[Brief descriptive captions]
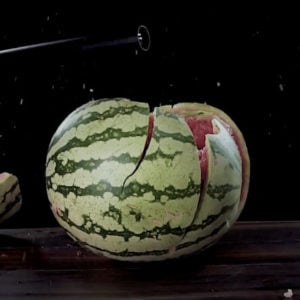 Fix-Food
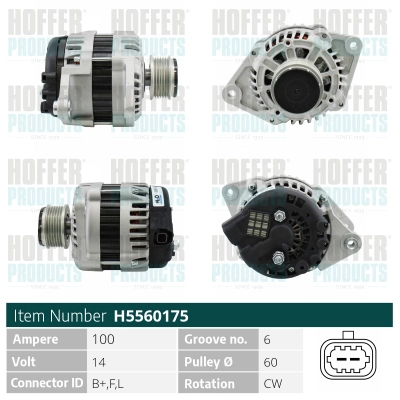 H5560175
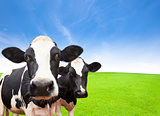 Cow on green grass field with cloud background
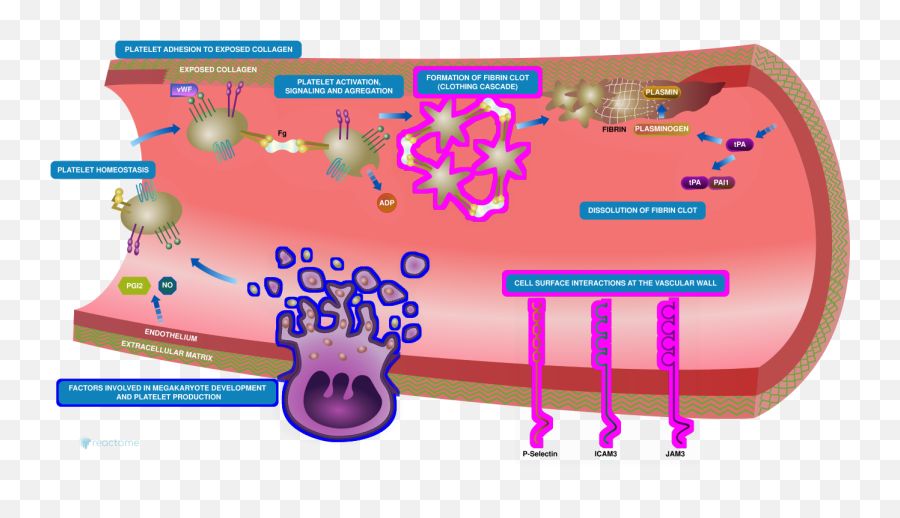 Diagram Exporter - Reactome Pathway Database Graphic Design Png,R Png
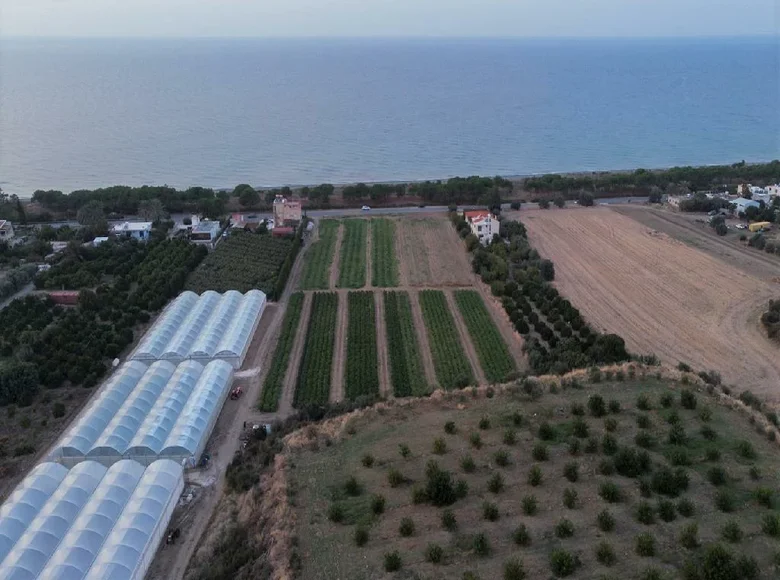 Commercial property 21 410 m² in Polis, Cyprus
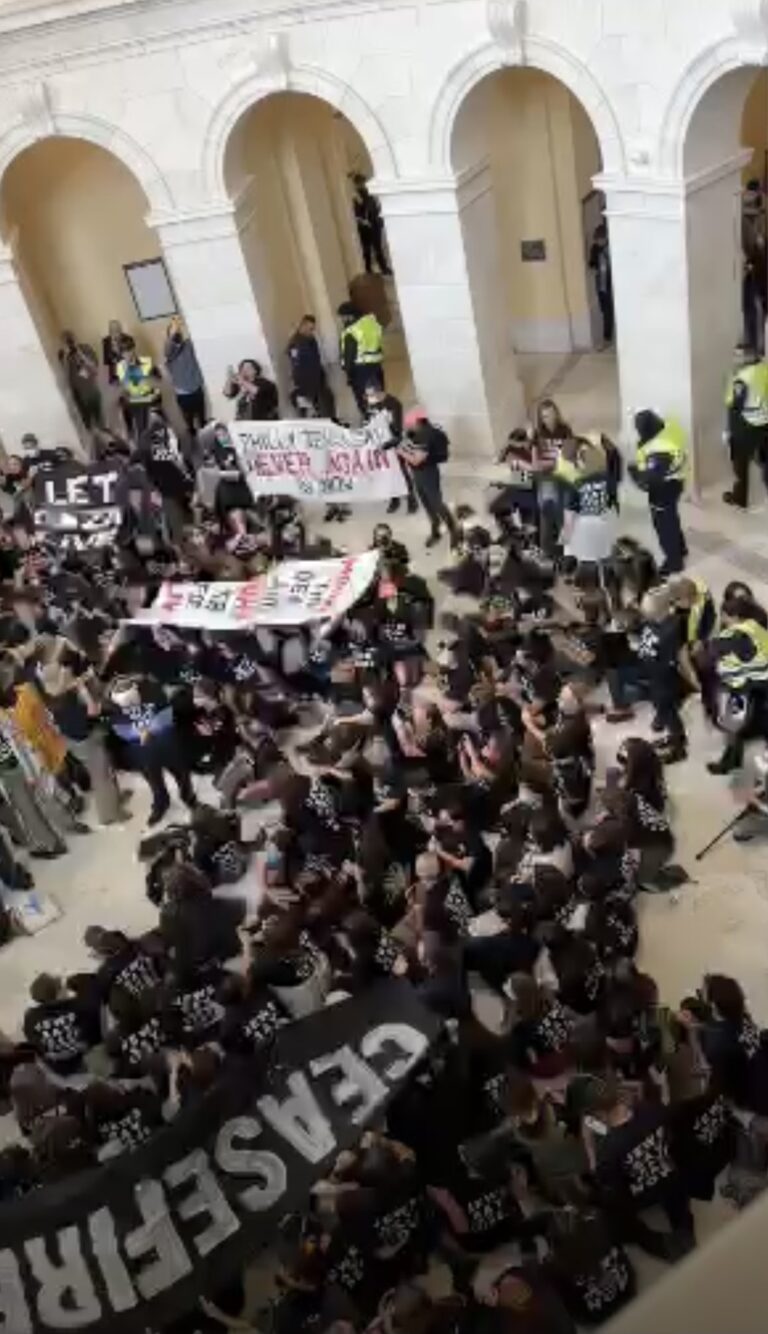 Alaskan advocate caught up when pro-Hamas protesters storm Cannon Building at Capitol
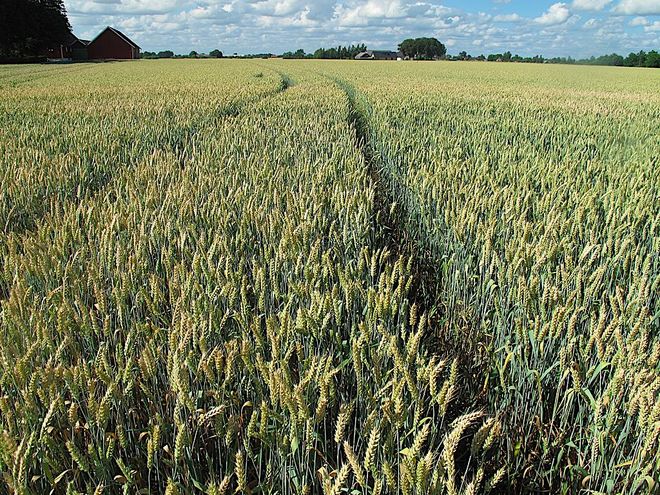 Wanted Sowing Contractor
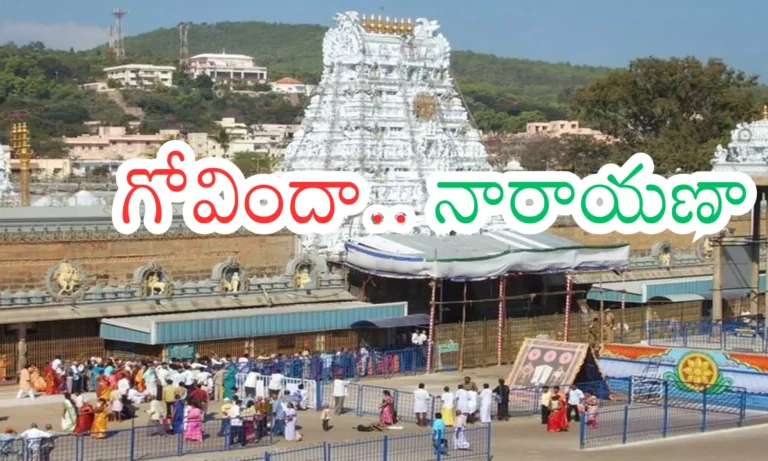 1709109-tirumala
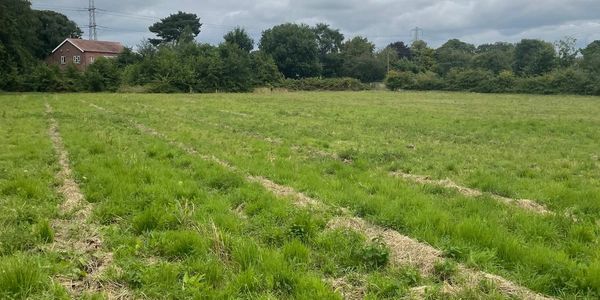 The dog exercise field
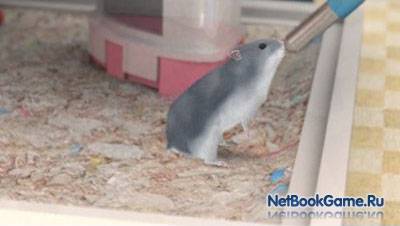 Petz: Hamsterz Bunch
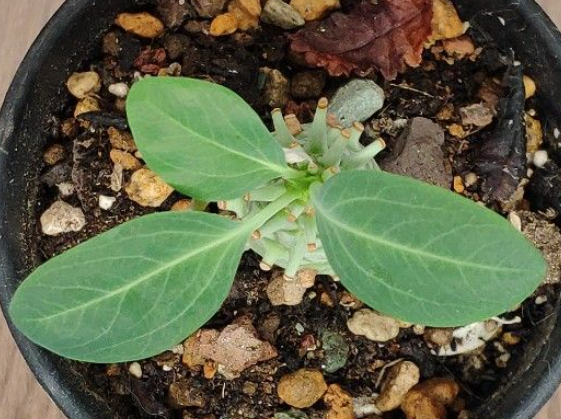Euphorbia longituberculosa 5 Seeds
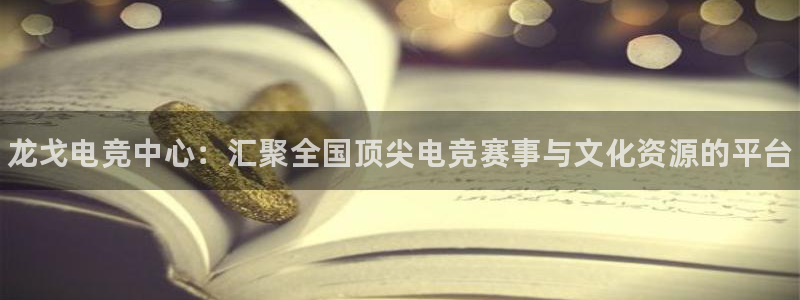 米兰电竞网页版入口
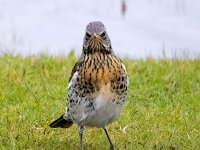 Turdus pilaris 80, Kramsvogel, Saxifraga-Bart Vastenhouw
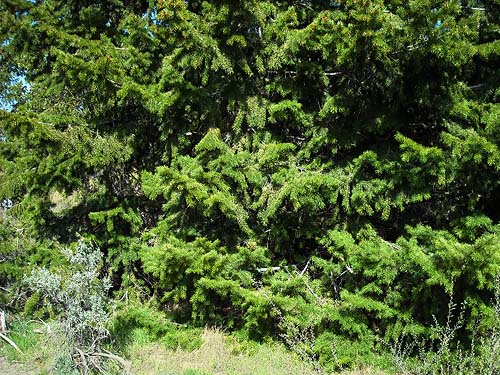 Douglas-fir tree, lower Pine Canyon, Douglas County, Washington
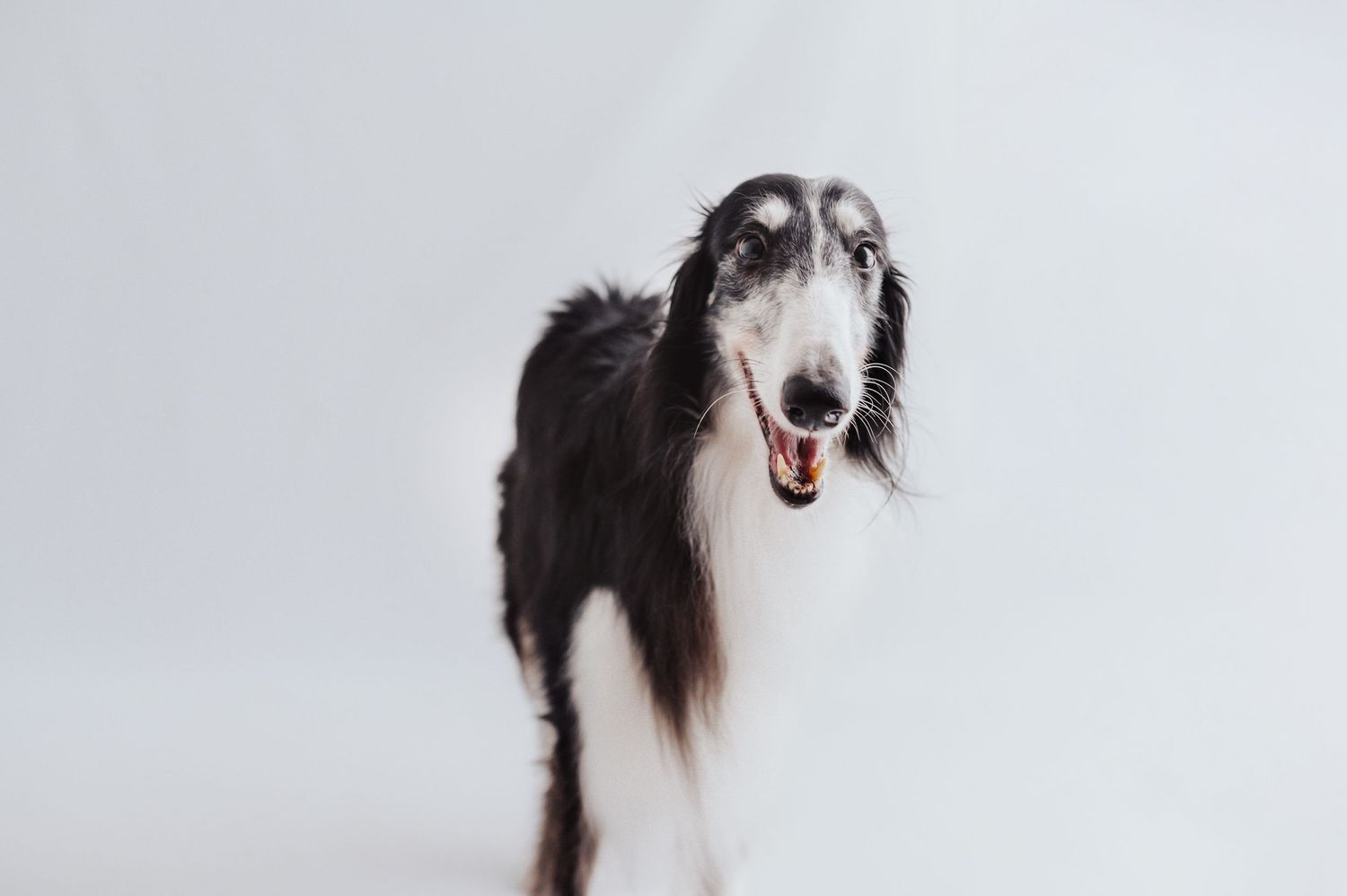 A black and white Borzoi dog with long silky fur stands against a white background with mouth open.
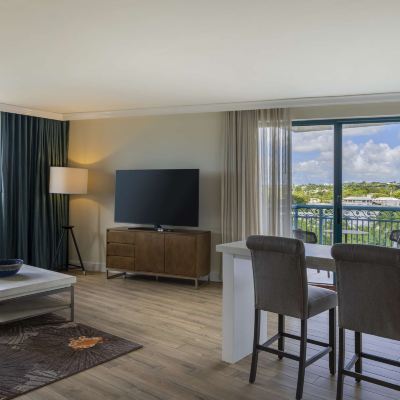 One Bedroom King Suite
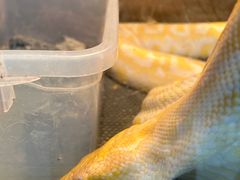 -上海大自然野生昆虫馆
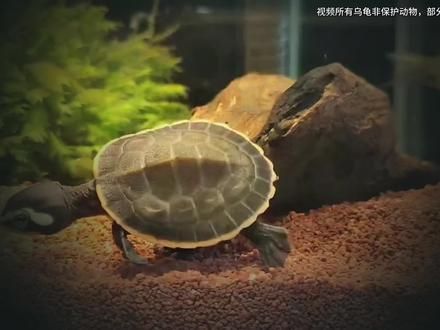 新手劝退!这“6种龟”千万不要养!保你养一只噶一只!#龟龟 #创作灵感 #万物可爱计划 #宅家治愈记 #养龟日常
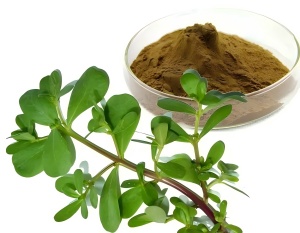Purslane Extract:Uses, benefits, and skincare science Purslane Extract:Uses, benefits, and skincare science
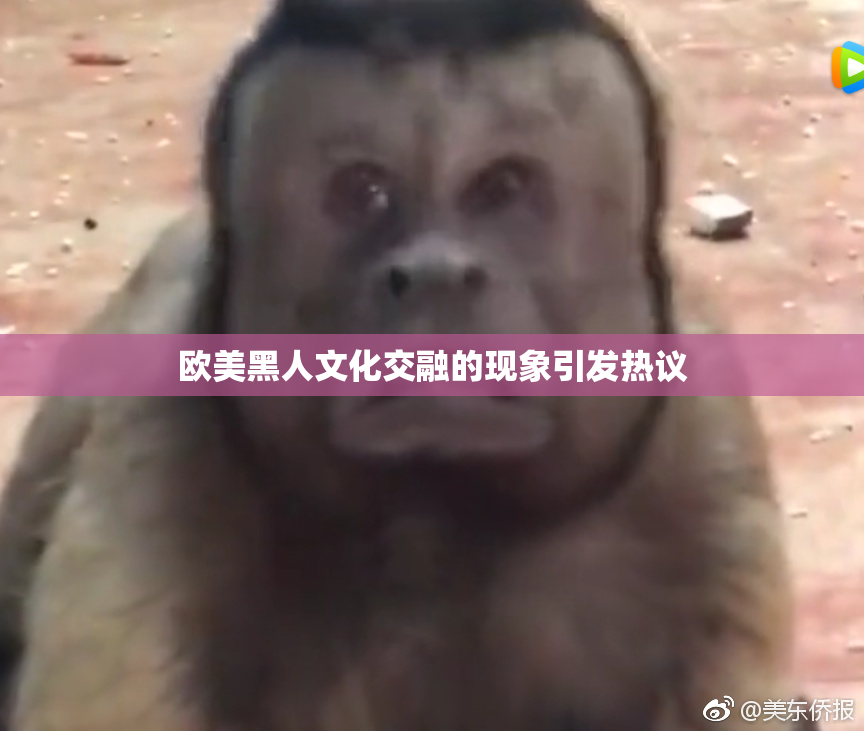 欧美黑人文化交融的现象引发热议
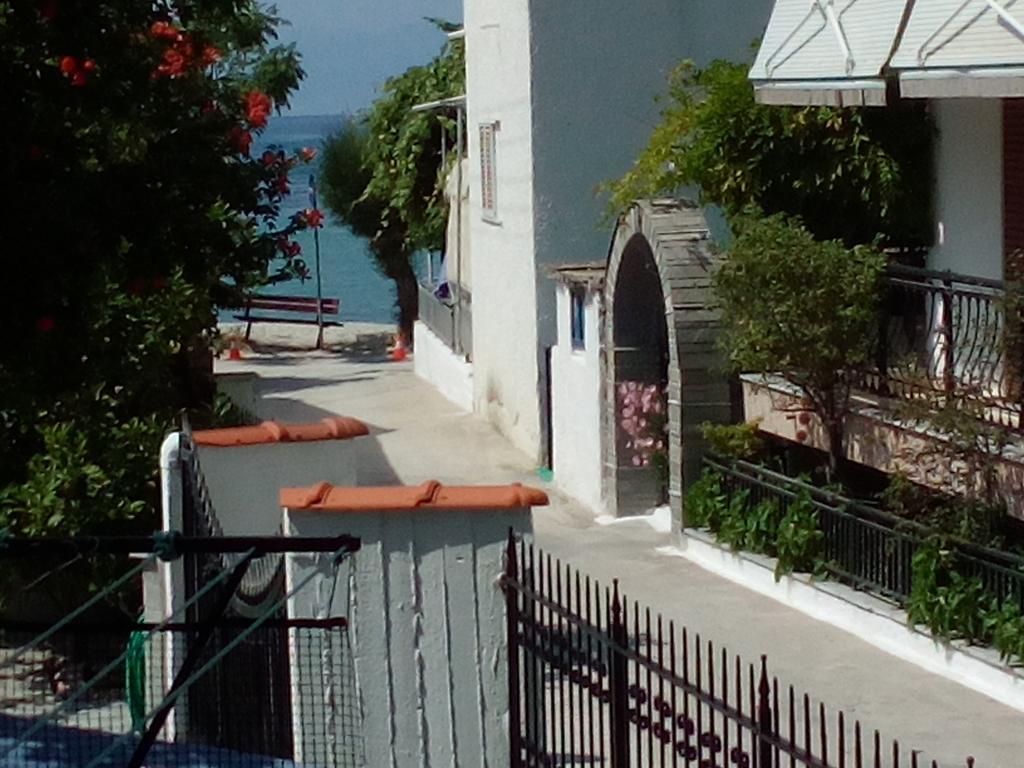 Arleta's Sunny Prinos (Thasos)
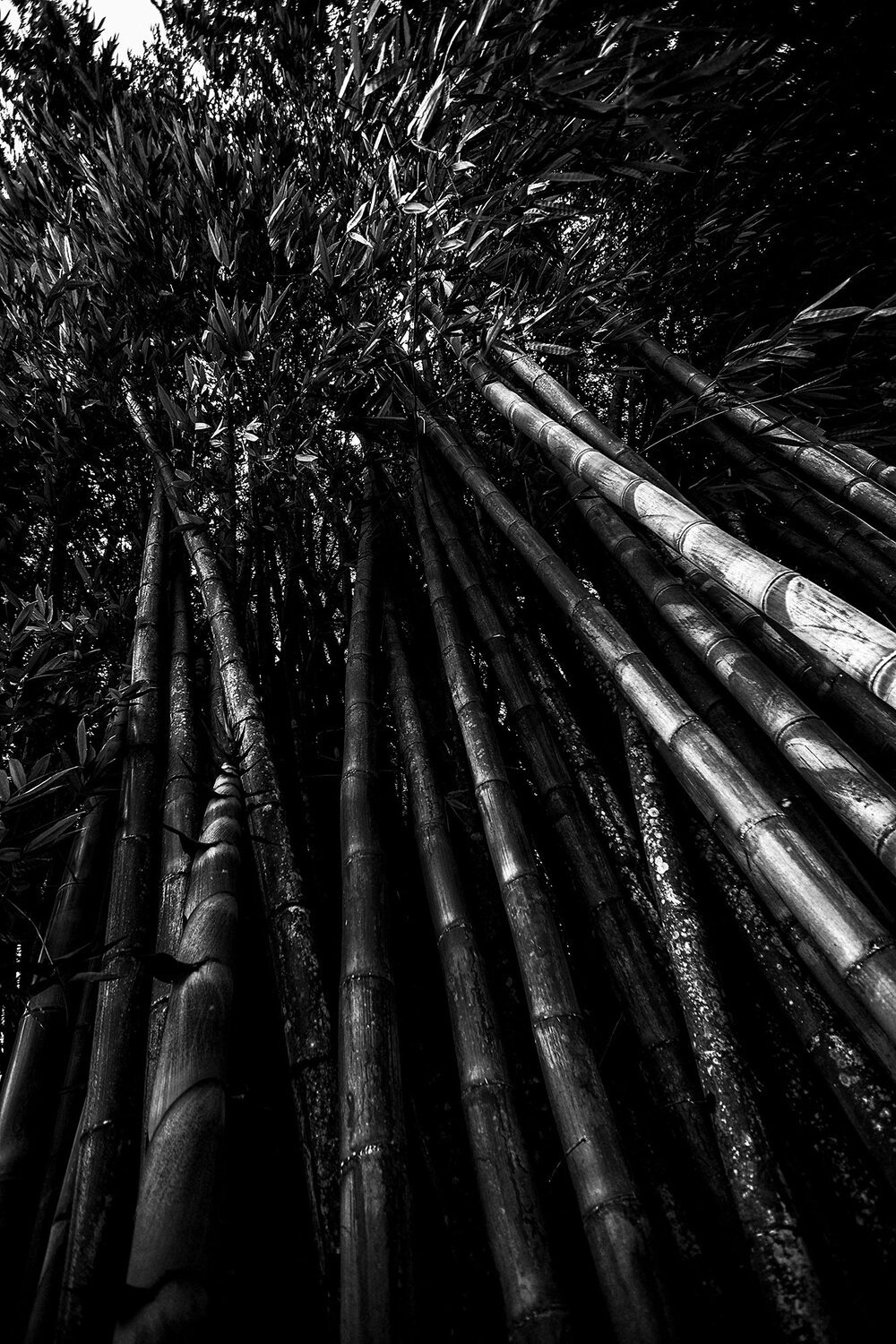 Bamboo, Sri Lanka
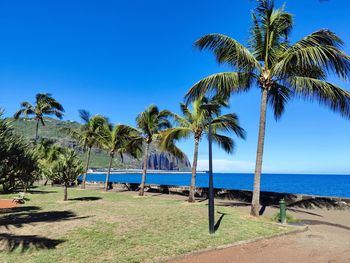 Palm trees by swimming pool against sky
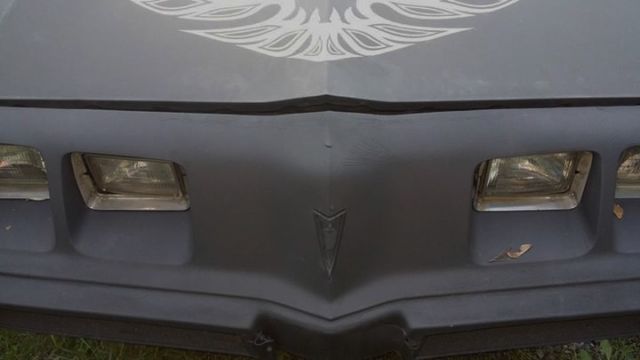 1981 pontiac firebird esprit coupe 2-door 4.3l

§ **EXERCISE GOAL**
The result should hold only the lines from the line with "Cow on green" through the final line of the records above, copied exactly, with pictures left out.

§ **WRITTEN ANSWER**
 Cow on green grass field with cloud background
 Diagram Exporter - Reactome Pathway Database Graphic Design Png,R Png
 Commercial property 21 410 m² in Polis, Cyprus
 Alaskan advocate caught up when pro-Hamas protesters storm Cannon Building at Capitol
 Wanted Sowing Contractor
 1709109-tirumala
 The dog exercise field
 Petz: Hamsterz Bunch
Euphorbia longituberculosa 5 Seeds
 米兰电竞网页版入口
 Turdus pilaris 80, Kramsvogel, Saxifraga-Bart Vastenhouw
 Douglas-fir tree, lower Pine Canyon, Douglas County, Washington
 A black and white Borzoi dog with long silky fur stands against a white background with mouth open.
 One Bedroom King Suite
 -上海大自然野生昆虫馆
 新手劝退!这“6种龟”千万不要养!保你养一只噶一只!#龟龟 #创作灵感 #万物可爱计划 #宅家治愈记 #养龟日常
Purslane Extract:Uses, benefits, and skincare science Purslane Extract:Uses, benefits, and skincare science
 欧美黑人文化交融的现象引发热议
 Arleta's Sunny Prinos (Thasos)
 Bamboo, Sri Lanka
 Palm trees by swimming pool against sky
 1981 pontiac firebird esprit coupe 2-door 4.3l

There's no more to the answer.